Extreme heat also affects the famous deer of Lapland.

They were celebrated globally as Santa’s sledges at Christmas, here the deer wander freely in the forests and falls. But as mosquitoes are pursued – which thrive in hot weather – deer are already running on roads and villages in search of relief.

“For the deer, the only option would be to reach higher, larger hills, but in the Finnish Lapland, the highest elevation is only about 1000 m (3,300 feet),” says Prof. Weller.

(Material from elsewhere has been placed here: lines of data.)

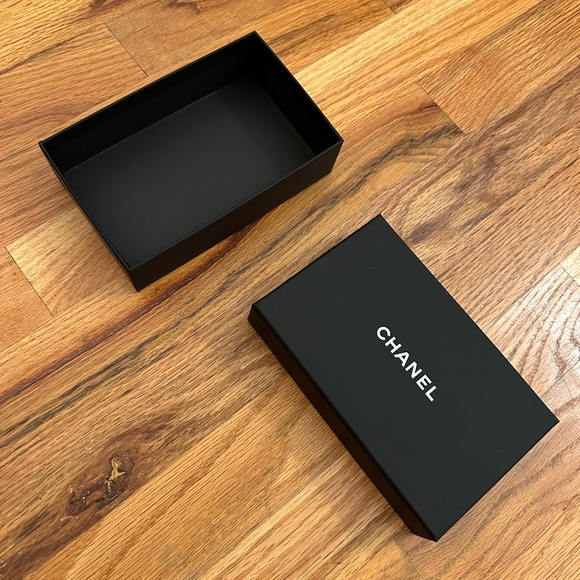 ๐ค CHANEL Small Rigid Black Box โ Authentic Packaging - Picture 4 of 7
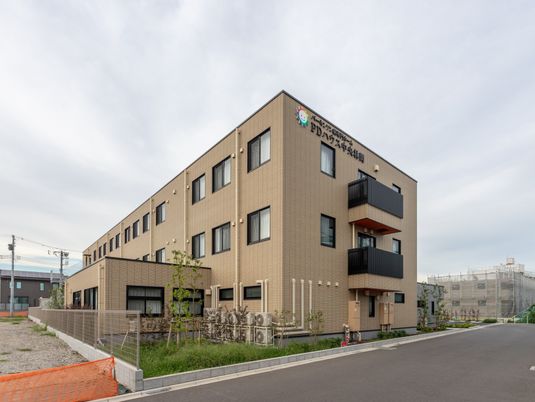現代的な外観の建物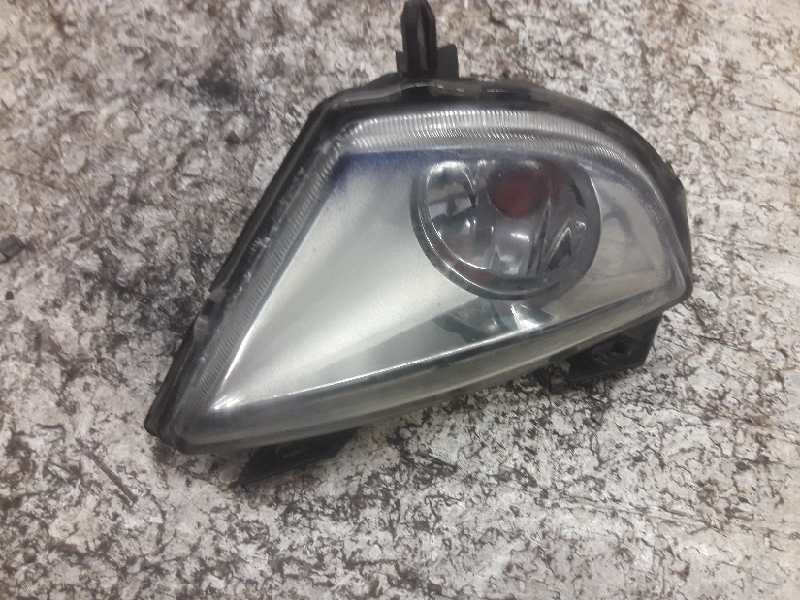 Recambio de faro antiniebla derecho para ford fiesta (cbk) ambiente referencia OEM IAM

He adds that as more extreme and longer thermal waves will appear more frequent in the Arctic in the future, “deer herds may have to build large barns to provide a shadow for their animals.”

Not only Santa and his deer are fighting. Lapland is traditionally known as a cool tourist destination – but this year visitors are puzzled.

“It’s a super hot-30C here. I came to escape from the heat,” says Sylvia, a tourist from Prague, visiting Santa’s festive village in Rovanimi.

“I was expecting a very colder weather and packing the wrong clothes. I have only one short-sleeved T-shirt-I have a number every day.”

BBC/Erika Benke Silvia dressed in a T -shirt standing in front of a Christmas treeBBC/Erika Benke

“I was expecting a much more time and wrapped wrong clothes,” Sylvia of Prague said

This does not help that the days in Rovani is currently 20 hours a day, so the sun is still shining until 23:00 – maintaining temperatures for a long time.

Make a shady patch in Santa Park is an Adit of London, who expected to find temperatures below 20 ° C here. “I can hardly even go beyond the shadow, I feel like I’m on fire when I do it,” she says.

“Something similar is happening in the UK, but I am very surprised to see this in the Arctic Circle,” she says. “Ice and snow are so inseparable to this amusement park and all over Lapland.”

Elina, an elf working in Santa’s mail, is also worried about the future of Lapland’s winters: “I wonder if the heat waves are already the new normal.”

There is an additional problem for Santa that he should wear his heavy suit every day of the year.

Currently, he goes outdoors only in the evening after the air starts to cool, otherwise he risks getting a heat stroke in just 10 minutes.

“Of course, the hot summer can be very nice for some, but I prefer cold and snow,” he says. “Winter is better.”